Mary Tighe's unpublished novel Selena is one of the great unknown treasures of British Romanticism. Completed in 1803, this brilliant, compulsively readable, beautifully written, and psychologically astute courtship novel is finally available in a scholarly edition that reveals Mary Tighe to have been as talented a fiction writer as she was a poet. The history of this amazing work's long journey from manuscript to print is only one of the stories Harriet Kramer Linkin recounts in this scrupulously annotated edition based on the only known copy of the manuscript, currently part of the National Library of Ireland's holdings. Linkin's introduction situates the novel in its historical context, draws attention to significant aspects of the plots and characters, and makes a strong case for Selena's importance for understanding the history of the novel, fiction by women, Anglo-Irish fiction, silver-fork novels, and the Romantic period. Explanatory notes explain obscure references and contexts, identify allusions to other writers, and provide translations of any non-English or archaic words. Selena itself is a revelation in its frank treatment of the darker aspects of Tighe's world, including parents who mistreat, cheat, or fail their children and spouses who commit adultery or betray one another emotionally. At the same time, it is magnificent in its stunning and moving portrayals of romantic love, of the possibility and importance of female friendship, of the difficult necessity of choosing sense over sensibility, and of the need for women and men to choose self-enhancing vocations. This extraordinary novel is destined to open up new ways of thinking by scholars of the Romantic era and the history of the novel.

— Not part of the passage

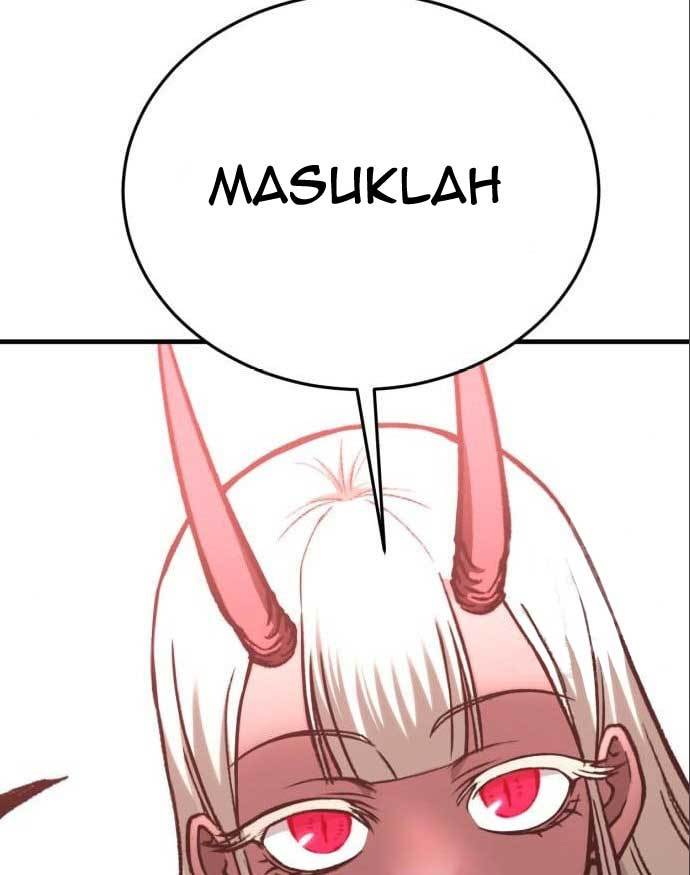 DANTALIAN Chapter 5 - halaman 37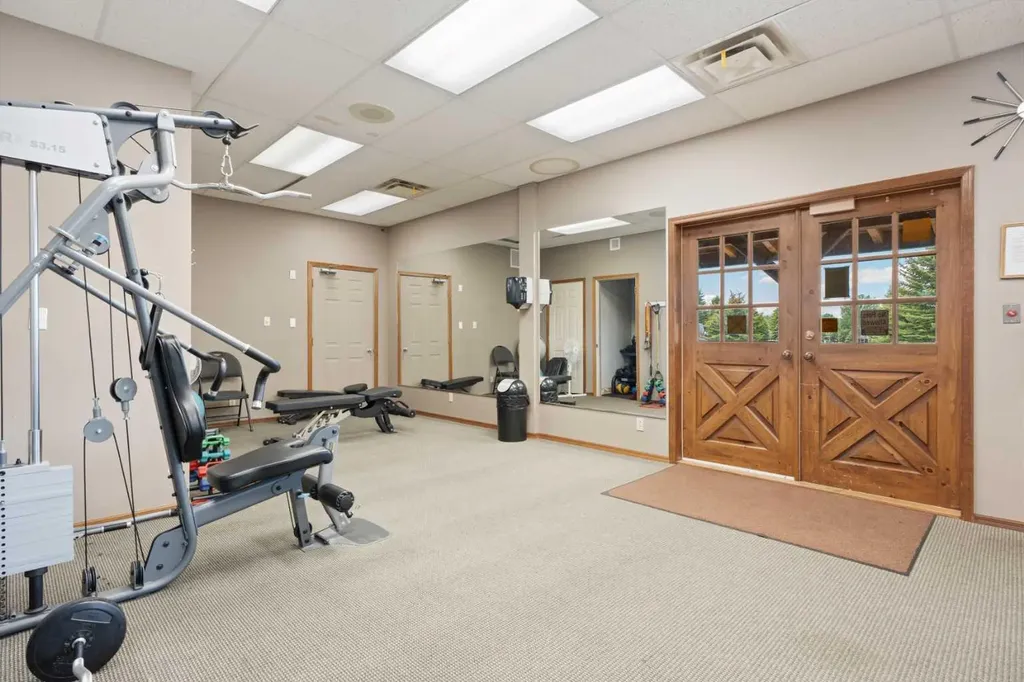 370165 79 Street E Rural Foothills County AB T0L 0A0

Harriet Kramer Linkin received her B.A. in English summa cum laude from Queens College, City University of New York in 1979, her M.A. in English Language and Literature from the University of Michigan in 1981, and her Ph.D. in English Language and Literature from the University of Michigan in 1985.

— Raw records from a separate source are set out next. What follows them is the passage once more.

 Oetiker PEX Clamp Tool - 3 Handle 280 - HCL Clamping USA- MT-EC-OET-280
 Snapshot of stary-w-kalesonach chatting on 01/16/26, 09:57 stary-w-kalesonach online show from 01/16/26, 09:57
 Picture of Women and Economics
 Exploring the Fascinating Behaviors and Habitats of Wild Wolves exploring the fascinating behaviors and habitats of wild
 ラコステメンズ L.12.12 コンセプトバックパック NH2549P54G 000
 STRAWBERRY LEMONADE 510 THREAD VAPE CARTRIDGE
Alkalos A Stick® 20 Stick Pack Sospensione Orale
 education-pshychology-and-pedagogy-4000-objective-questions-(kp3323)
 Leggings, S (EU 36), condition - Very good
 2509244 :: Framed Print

Since the early 1990s her research has focused on the work of Romantic-era women poets, with particular emphasis on the poetry of Mary Tighe (1772-1810), once best known for her influence on Keats but now recognized as a major Romantic-era writer. She has co-edited two essay collections that speak to the value of reading and teaching the writings of once-neglected or forgotten Romantic-era women poets, Approaches to Teaching Women Poets of the British Romantic Period (MLA, 1997) and Romanticism and Women Poets: Opening the Doors of Reception (Kentucky, 1999); the first scholarly edition of Tighe’s poetry and journals, The Collected Poems and Journals of Mary Tighe (Kentucky, 2005); the first print edition of Tighe’s manuscript novel “Selena,” Selena by Mary Tighe: A Scholarly Edition (Ashgate, 2012); and the first edition of Tighe’s two-volume 1805 manuscript collection of original poems and illustrations, Mary Tighe’s Verses Transcribed for H.T.: An Electronic Edition (Romantic Circles, 2015). In addition to Dr. Linkin’s work on Tighe and other Romantic-era women poets, her publications explore women’s literary history, how we are teaching Romanticism, feminist readings of canonical Romantic poets (especially Blake), and feminist approaches to nineteenth- and twentieth-century women writers, gender and language theory, and stylistics.